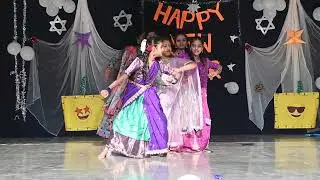 Choreographer and Dance with her friends by Chinnu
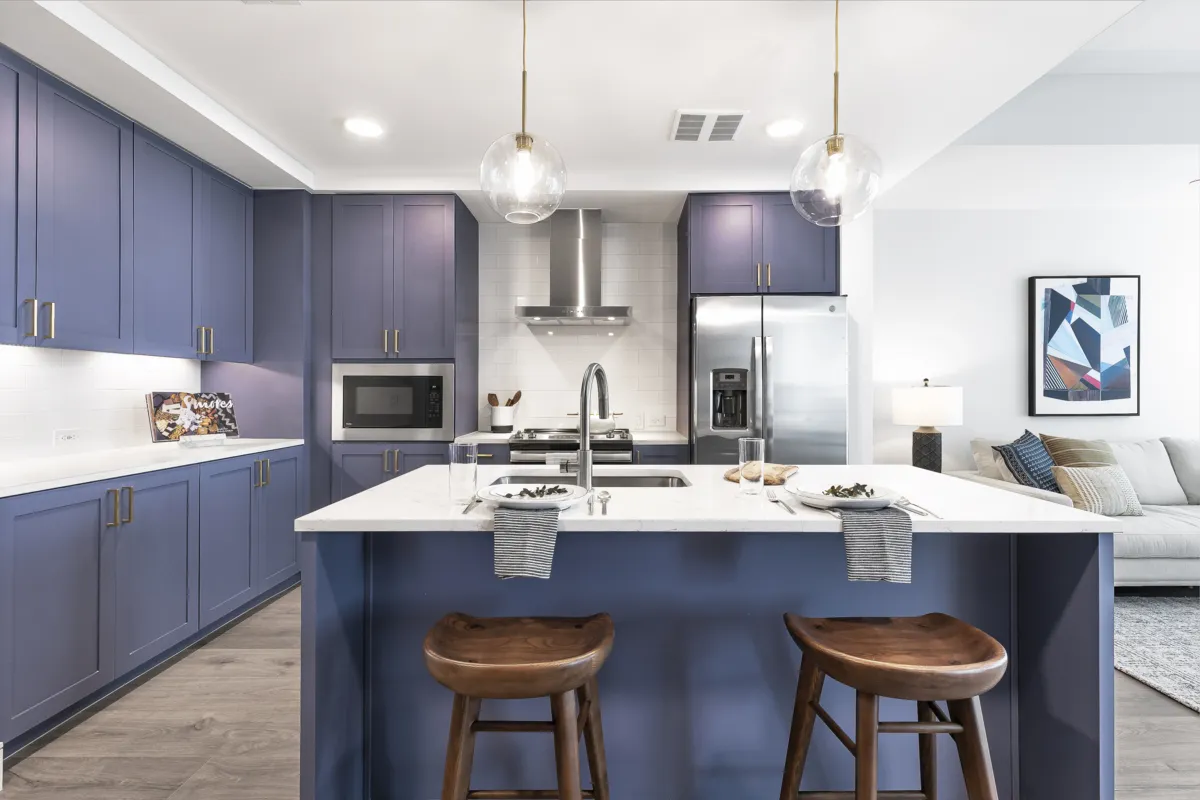kitchen-blueislandkitchen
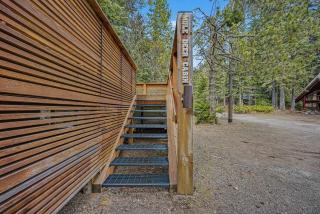 Mule Deer - Luxury Mount Hood Chalet - 3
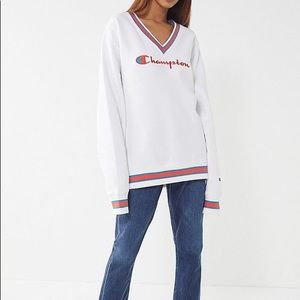 Champion UO Exclusive Retro V-Neck Sweatshirt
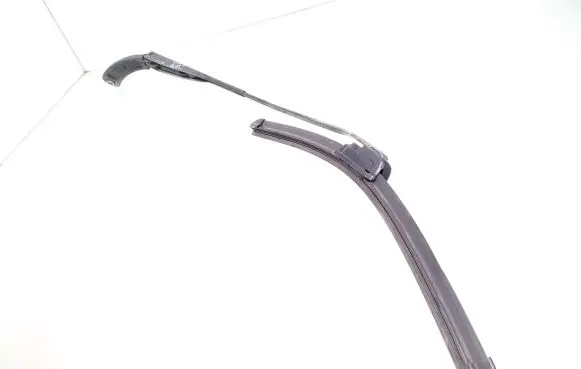 Renault Megane II Windshield/front glass wiper blade 8200036912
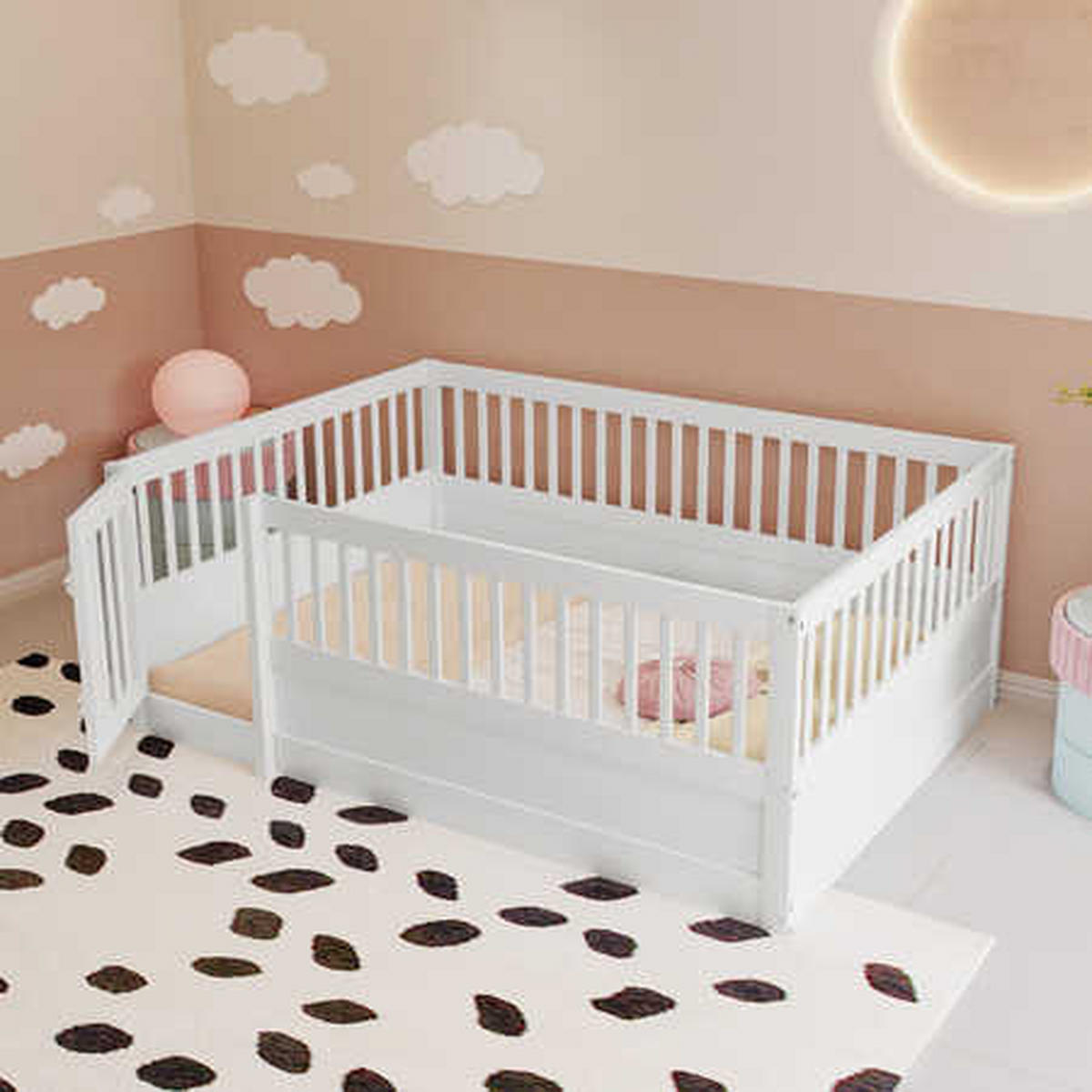 KINDERBETT 140×200 cm aus Massivholz mit Schutzzaun und Tür, weiß - Weiß, Holz (140/200cm) - Luhomfu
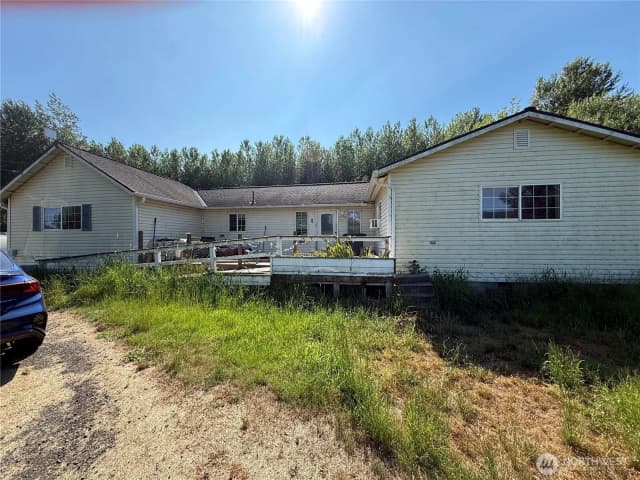 Property photo for 664 State Route 409, Cathlamet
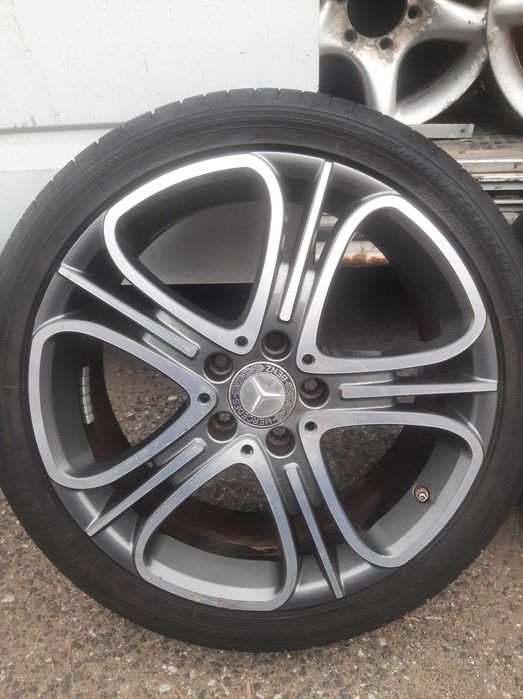 Mercedes R18 джанти с летни гуми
···
__ACTIVITY__: The expected output is the full material above, unaltered, with pictures removed.

__YOUR RESPONSE__:
 Choreographer and Dance with her friends by Chinnu
kitchen-blueislandkitchen
 Mule Deer - Luxury Mount Hood Chalet - 3
 Champion UO Exclusive Retro V-Neck Sweatshirt
 Renault Megane II Windshield/front glass wiper blade 8200036912
 KINDERBETT 140×200 cm aus Massivholz mit Schutzzaun und Tür, weiß - Weiß, Holz (140/200cm) - Luhomfu
 Property photo for 664 State Route 409, Cathlamet
 Mercedes R18 джанти с летни гуми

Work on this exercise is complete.